* **EXCERPTED RECORDS**
----

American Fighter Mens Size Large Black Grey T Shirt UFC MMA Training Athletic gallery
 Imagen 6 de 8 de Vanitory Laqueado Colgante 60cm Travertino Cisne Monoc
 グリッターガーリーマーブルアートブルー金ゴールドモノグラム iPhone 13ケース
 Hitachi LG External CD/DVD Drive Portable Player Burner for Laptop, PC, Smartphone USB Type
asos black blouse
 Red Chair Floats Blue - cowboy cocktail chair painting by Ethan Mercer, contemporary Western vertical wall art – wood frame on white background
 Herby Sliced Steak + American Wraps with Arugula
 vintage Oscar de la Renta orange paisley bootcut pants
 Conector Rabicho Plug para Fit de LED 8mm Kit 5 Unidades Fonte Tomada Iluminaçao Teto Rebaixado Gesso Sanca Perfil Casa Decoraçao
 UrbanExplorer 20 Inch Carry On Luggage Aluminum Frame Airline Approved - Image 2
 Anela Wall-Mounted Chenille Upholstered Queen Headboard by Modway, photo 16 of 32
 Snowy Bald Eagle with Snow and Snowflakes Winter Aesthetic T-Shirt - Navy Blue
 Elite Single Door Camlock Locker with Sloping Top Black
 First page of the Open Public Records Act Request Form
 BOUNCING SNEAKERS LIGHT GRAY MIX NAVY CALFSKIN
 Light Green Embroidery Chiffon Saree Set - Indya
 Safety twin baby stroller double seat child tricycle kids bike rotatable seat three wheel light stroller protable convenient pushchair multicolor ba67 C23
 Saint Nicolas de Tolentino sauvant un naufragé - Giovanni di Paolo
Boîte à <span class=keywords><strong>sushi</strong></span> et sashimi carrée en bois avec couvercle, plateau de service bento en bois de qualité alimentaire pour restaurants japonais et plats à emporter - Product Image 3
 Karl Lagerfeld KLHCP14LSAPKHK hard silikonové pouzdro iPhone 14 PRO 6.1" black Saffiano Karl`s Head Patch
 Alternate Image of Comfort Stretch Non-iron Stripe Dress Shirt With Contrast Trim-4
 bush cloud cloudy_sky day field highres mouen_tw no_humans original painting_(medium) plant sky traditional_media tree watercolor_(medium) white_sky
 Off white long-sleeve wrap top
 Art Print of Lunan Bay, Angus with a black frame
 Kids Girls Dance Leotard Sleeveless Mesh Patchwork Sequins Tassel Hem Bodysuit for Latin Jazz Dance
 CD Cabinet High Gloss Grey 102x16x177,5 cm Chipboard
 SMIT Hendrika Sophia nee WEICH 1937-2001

----

* **WHAT TO PRODUCE**
Copy every record exactly.

* **YOUR SOLUTION**
American Fighter Mens Size Large Black Grey T Shirt UFC MMA Training Athletic gallery
 Imagen 6 de 8 de Vanitory Laqueado Colgante 60cm Travertino Cisne Monoc
 グリッターガーリーマーブルアートブルー金ゴールドモノグラム iPhone 13ケース
 Hitachi LG External CD/DVD Drive Portable Player Burner for Laptop, PC, Smartphone USB Type
asos black blouse
 Red Chair Floats Blue - cowboy cocktail chair painting by Ethan Mercer, contemporary Western vertical wall art – wood frame on white background
 Herby Sliced Steak + American Wraps with Arugula
 vintage Oscar de la Renta orange paisley bootcut pants
 Conector Rabicho Plug para Fit de LED 8mm Kit 5 Unidades Fonte Tomada Iluminaçao Teto Rebaixado Gesso Sanca Perfil Casa Decoraçao
 UrbanExplorer 20 Inch Carry On Luggage Aluminum Frame Airline Approved - Image 2
 Anela Wall-Mounted Chenille Upholstered Queen Headboard by Modway, photo 16 of 32
 Snowy Bald Eagle with Snow and Snowflakes Winter Aesthetic T-Shirt - Navy Blue
 Elite Single Door Camlock Locker with Sloping Top Black
 First page of the Open Public Records Act Request Form
 BOUNCING SNEAKERS LIGHT GRAY MIX NAVY CALFSKIN
 Light Green Embroidery Chiffon Saree Set - Indya
 Safety twin baby stroller double seat child tricycle kids bike rotatable seat three wheel light stroller protable convenient pushchair multicolor ba67 C23
 Saint Nicolas de Tolentino sauvant un naufragé - Giovanni di Paolo
Boîte à <span class=keywords><strong>sushi</strong></span> et sashimi carrée en bois avec couvercle, plateau de service bento en bois de qualité alimentaire pour restaurants japonais et plats à emporter - Product Image 3
 Karl Lagerfeld KLHCP14LSAPKHK hard silikonové pouzdro iPhone 14 PRO 6.1" black Saffiano Karl`s Head Patch
 Alternate Image of Comfort Stretch Non-iron Stripe Dress Shirt With Contrast Trim-4
 bush cloud cloudy_sky day field highres mouen_tw no_humans original painting_(medium) plant sky traditional_media tree watercolor_(medium) white_sky
 Off white long-sleeve wrap top
 Art Print of Lunan Bay, Angus with a black frame
 Kids Girls Dance Leotard Sleeveless Mesh Patchwork Sequins Tassel Hem Bodysuit for Latin Jazz Dance
 CD Cabinet High Gloss Grey 102x16x177,5 cm Chipboard
 SMIT Hendrika Sophia nee WEICH 1937-2001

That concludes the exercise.